In 1991, while my wife and I were dating, two of her sisters went off to a personal success seminar put on by an organization called ‘The Forum’.
At the end of the seminar, both sisters crashed back into the apartment like they had just escaped death. Terrified, they remained housebound for weeks. One slept with a Crucifix on her chest.
It had something to do with deprivation and brainwashing. The whole family, lifelong Catholics, were freaking out, my wife included.
I was not. I had no idea what they were talking about.
My wife and I married in May 1992. Around the same time, her uncle made a bunch of frantic phone calls to his brothers and sisters. The youngest of ten kids, he had many options.
Extraordinarily successful and confident over the past three years, he was suddenly afraid to be alone. Raised in a staunch Catholic family, he once sold Bibles door-to-door. But years had passed since he had last been in a church. Now, huddled in his remote cottage all alone, he expressed his sudden fear to his brothers and sisters about what he had become.

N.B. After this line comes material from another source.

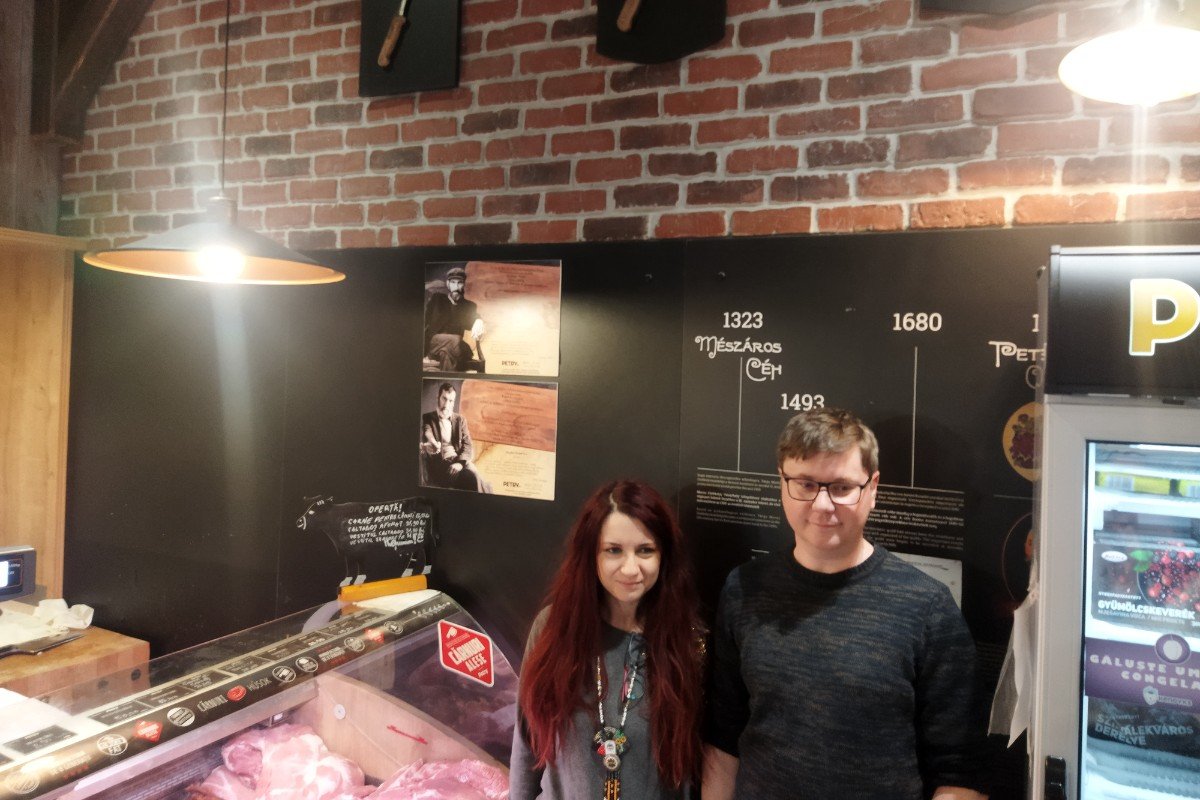 Az ötletgazdák, Szalma Réka és Korpa Tamás a húspult és az emléktáblák mellett (A szerző felvétele)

“What he had become” began three years earlier. Desperate to break the cycle of poverty, he attended an intense, personal success seminar called ‘The Forum’.
Apparently, he was a quick study. Almost overnight, he tapped into a network of new friends and contacts and launched a wildly successful pyramid scheme, selling thousands of $75 water filters for close to $1,500 each; using a pitch - delivered with a newfound persuasiveness - that tapped the yen for better health and longer life.
Rich for the first time, he set out to indulge in all the extravagances that had been forever denied him. It was a disturbing sight to the rest of his family. A new, very young girlfriend, flaunted in front of his wife and two kids. A drug habit and parties in rented hotel rooms with free-flowing Dom Perignon, a bevy of young girls and no inhibitions. Big cars, big houses, and drinks on the house; a bad nouveau riche stereotype if there ever was one.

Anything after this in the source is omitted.